A/B Hypothesis Testing

In [7]:
provinces = df['Province'].unique()
print(provinces)

['Gauteng' 'KwaZulu-Natal' 'Mpumalanga' 'Eastern Cape' 'Western Cape'
 'Limpopo' 'North West' 'Free State' 'Northern Cape']


In [8]:
group_a = df[df['Province'] == 'Gauteng']
group_b = df[df['Province'] == 'Limpopo']

Statistical Testing

In [9]:
# a) Claim Frequency (categorical proportion)
# Use Chi-square test or two-proportion z-test:
from statsmodels.stats.proportion import proportions_ztest

count = np.array([group_a['ClaimFlag'].sum(), group_b['ClaimFlag'].sum()])
nobs = np.array([len(group_a), len(group_b)])

stat, pval = proportions_ztest(count, nobs)
print(f'Claim Frequency test p-value: {pval}')
if pval < 0.05:
    print("Reject null hypothesis → significant difference")
else:
    print("Accept null hypothesis → there is no significant difference")

Claim Frequency test p-value: 0.07991724614845505
Accept null hypothesis → there is no significant difference


In [10]:
# b) Claim Severity (continuous data, given claim occurred)
# Use t-test to compare means (only for policies with claims):
from scipy.stats import ttest_ind

# Filter policies where claims occurred
claims_df = df[df['TotalClaims'] > 0]

# Calculate Claim Severity = average claim amount for those policies
claim_severity = claims_df['TotalClaims'].mean()

# print("Claim Severity:", claim_severity)


severity_a = group_a[group_a['ClaimFlag'] == 1]['ClaimSeverity']
severity_b = group_b[group_b['ClaimFlag'] == 1]['ClaimSeverity']

stat, pval = ttest_ind(severity_a, severity_b, equal_var=False, nan_policy='omit')
print(f'Claim Severity test p-value: {pval}')

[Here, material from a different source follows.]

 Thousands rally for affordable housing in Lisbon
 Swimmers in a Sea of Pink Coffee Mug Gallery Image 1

Claim Severity test p-value: 0.047887459586952126


In [11]:
# c) Margin (continuous variable)
# Use t-test to compare margins:

argin_a = group_a['Margin']
margin_b = group_b['Margin']

stat, pval = ttest_ind(argin_a, margin_b, equal_var=False, nan_policy='omit')
print(f'Margin test p-value: {pval}')

Margin test p-value: 0.0017399147061173148


For Claim Frequency: use Chi-square test of independence on contingency table.

In [12]:
import scipy.stats as stats

contingency_table = pd.crosstab(df['Province'], df['ClaimFlag'])
chi2, pval, dof, expected = stats.chi2_contingency(contingency_table)
print(f'Chi-square test for claim frequency across provinces p-value: {pval}')

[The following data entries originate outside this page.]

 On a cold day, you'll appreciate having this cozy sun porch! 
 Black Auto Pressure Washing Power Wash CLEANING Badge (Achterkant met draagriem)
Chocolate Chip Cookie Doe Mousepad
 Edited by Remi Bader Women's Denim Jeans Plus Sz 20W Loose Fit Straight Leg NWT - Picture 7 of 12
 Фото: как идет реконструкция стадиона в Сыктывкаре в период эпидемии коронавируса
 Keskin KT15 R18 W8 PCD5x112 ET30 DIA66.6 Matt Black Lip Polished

Chi-square test for claim frequency across provinces p-value: 5.925510718204678e-19


In [13]:
# For continuous variables (Claim Severity, Margin): use ANOVA
from scipy.stats import f_oneway

groups = [df[df['Province'] == prov]['ClaimSeverity'].dropna() for prov in provinces]
f_stat, pval = f_oneway(*groups)
print(f'ANOVA for Claim Severity across provinces p-value: {pval}')

ANOVA for Claim Severity across provinces p-value: 1.6569173744506565e-07


Hypothesis Testing Summary : Interpretation & Business Recommendation

In [14]:
import numpy as np
import pandas as pd
from statsmodels.stats.proportion import proportions_ztest
from scipy.stats import ttest_ind, chi2_contingency, f_oneway

# Assume df prepared with ClaimFlag, ClaimSeverity, Margin columns

# Chi-square test for claim frequency across all provinces
contingency_table = pd.crosstab(df['Province'], df['ClaimFlag'])
chi2, pval, dof, expected = chi2_contingency(contingency_table)
print(f'Claim Frequency by Province: p-value = {pval}')

# ANOVA for claim severity across provinces
provinces = df['Province'].unique()
groups = [df[df['Province'] == prov]['ClaimSeverity'].dropna() for prov in provinces]
f_stat, pval = f_oneway(*groups)
print(f'Claim Severity by Province: p-value = {pval}')

# ANOVA for margin across provinces
groups_margin = [df[df['Province'] == prov]['Margin'].dropna() for prov in provinces]
f_stat, pval = f_oneway(*groups_margin)
print(f'Margin by Province: p-value = {pval}')

Claim Frequency by Province: p-value = 5.925510718204678e-19
Claim Severity by Province: p-value = 1.6569173744506565e-07
Margin by Province: p-value = 0.0011450081247589